Il viaggio a Reims. Musica di G. Rossini. Il Festival Belcanto. Roma, Accademia Nazionale Santa Cecilia.
Ci vuole proprio il celebre verso di Palazzeschi a definire l’atmosfera del “dramma giocoso in due atti”, scritto dal Rossini “francese” per l’incoronazione di Carlo X nel 1825. Diciamo subito che di Carlo X a Rossini interessava solo la sovvenzione economica a proprio favore. Per il resto, Il viaggio è una divertente “attesa di un viaggio” di diciotto personaggi internazionali che passano tranquillamente le tre ore di musica, aspettando una diligenza che li porti a Reims per l’incoronazione del re.

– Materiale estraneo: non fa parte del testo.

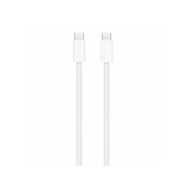 APPLE 240W USB-C Charge Cable (2m) (mu2g3zm/a)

Non aspettiamoci approfondimenti psicologici o drammatici in questo Rossini che cerca di conquistarsi Parigi con battute in punta di fioretto e ritmi eleganti. Un pesarese sofisticato, insomma, con un’orchestra che sembra un arazzo brillante, dove però la nostalgia del Belpaese si sente, in un certo canto “sillabico”, in alcuni momenti languidi o patetici o nei commenti ironici con cui il musicista – astutissimo – punteggia la situazione. Che fanno infatti diciotto personaggi in cerca di autore, nel caso una diligenza? Se la raccontano, flirtano, sognano. Hanno nomi pittoreschi: la marchesa Melibea, dama polacca, madama Cortese, tirolese, il conte di Linbenskof, generale russo, Lord Sidney, colonnello inglese, don Profondo, il letterato; il barone di Trombonock (!) maggiore tedesco, don Alvaro, Grande di Spagna… Ciascuno canta in stile “nazionale” (anche il celebre “Dio salvi la regina” inglese), addirittura in quattordici tutti insieme: senza confondersi, cosa possibile solo al teatro musicale.

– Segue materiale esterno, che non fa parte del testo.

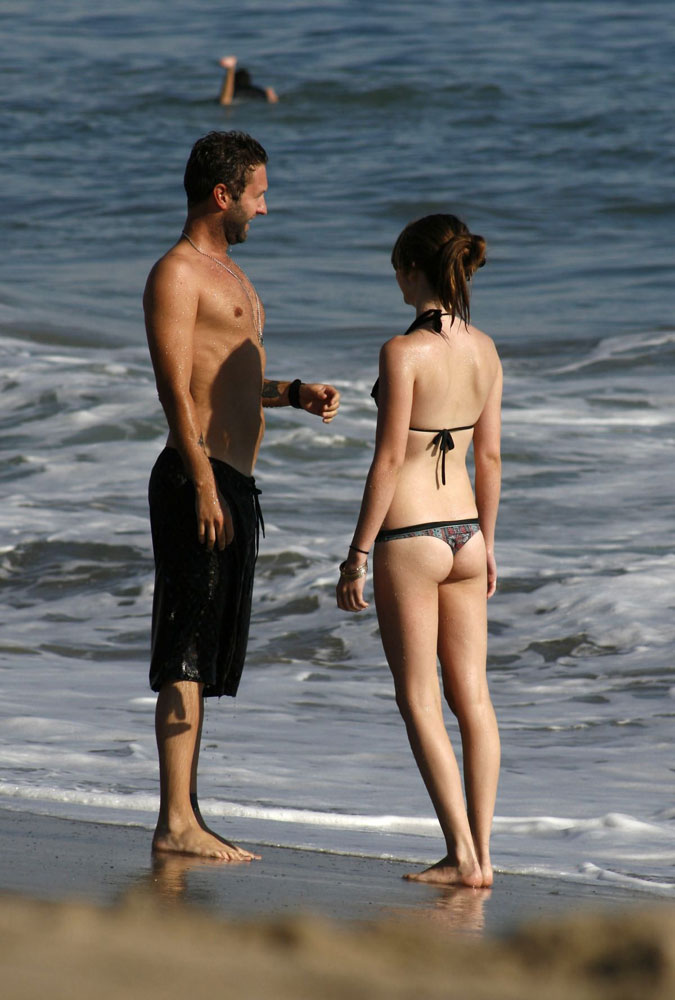 Daveigh Rhonda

Insomma, Il viaggio è un gran divertimento. Per le voci, che Rossini tratta magnificamente, per l’orchestra, guizzante e vaporosa. E per il compositore che nasconde sotto la serena ironia una gran voglia forse di piangere, ma vuole ancora divertire. Noi non ci accorgiamo troppo della sua malinconia, perché Gioachino, come sempre, gioca a nascondino con l’ascoltatore, inducendolo a credere che lui stia solo prendendo in giro l’Europa delle glorie inutili e delle “incoronazioni” anacronistiche.

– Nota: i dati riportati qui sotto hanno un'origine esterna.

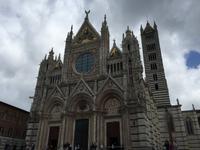 288 Siena &ndash; &copy; Patrick Fritzsche (Eberhardt TRAVEL)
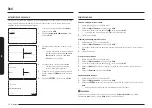 Предварительный просмотр 20 страницы Samsung NQ5B7993A Series User Manual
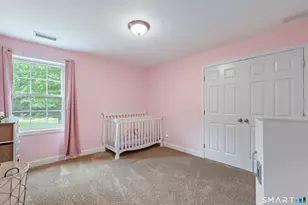 501 Quaddick Rd, Thompson, CT 06277 - Photo 30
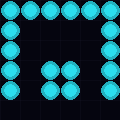 167.148.119.111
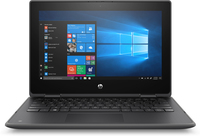 HP ProBook x360 11 G5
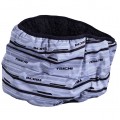 RS Taichi Boa Neck Warmer RSX160
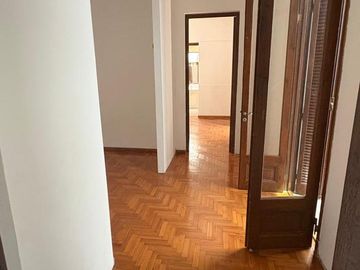 Casa en Venta en La Plata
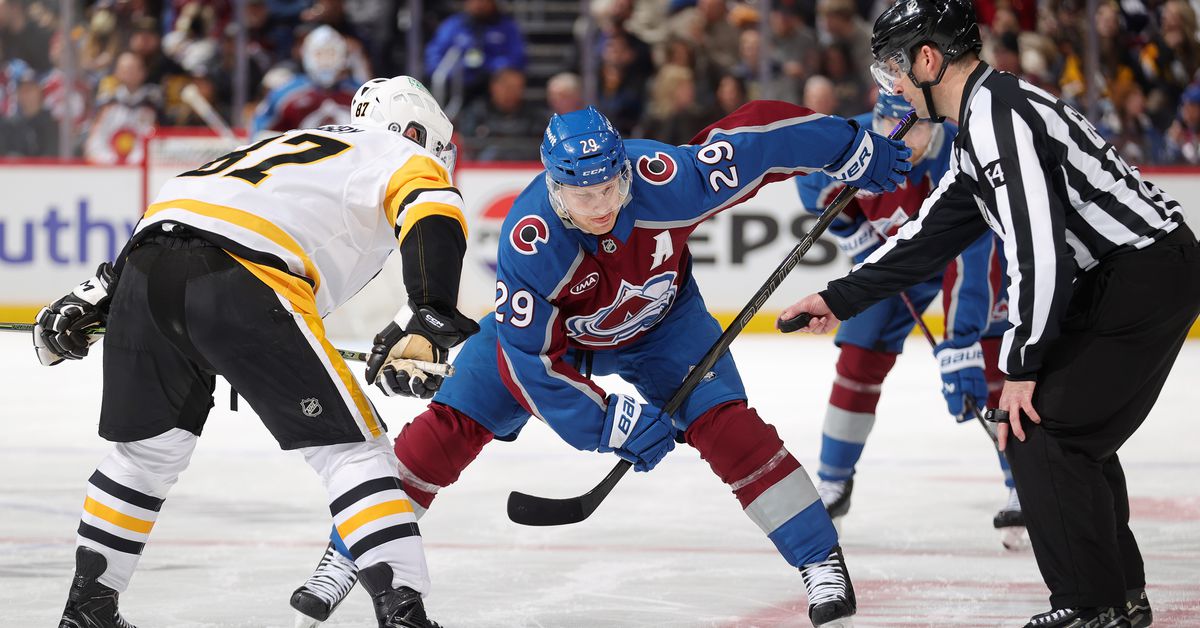 NHL Playoffs: Western Conference first round predictions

L’opera, alla prima parigina un trionfo, a Roma (prima esecuzione dal 1825!) è stata diretta da Kent Nagano con giusti scatti, colori e arguzia, grazie all’orchestra ceciliana che sa cantare e ridere senza esagerare. I solisti si sono destreggiati nell’allestimento semiscenico con sicurezza. Molto bravi il tenore cinese Shi Yijie e il mezzosoprano Daniela Barcellono, rossiniana di gran classe. Pubblico felice ed entusiasta. Da riascoltare questo gioiello, nell’edizione storica diretta da Claudio Abbado nel 1984 (Deutsche Gramophon).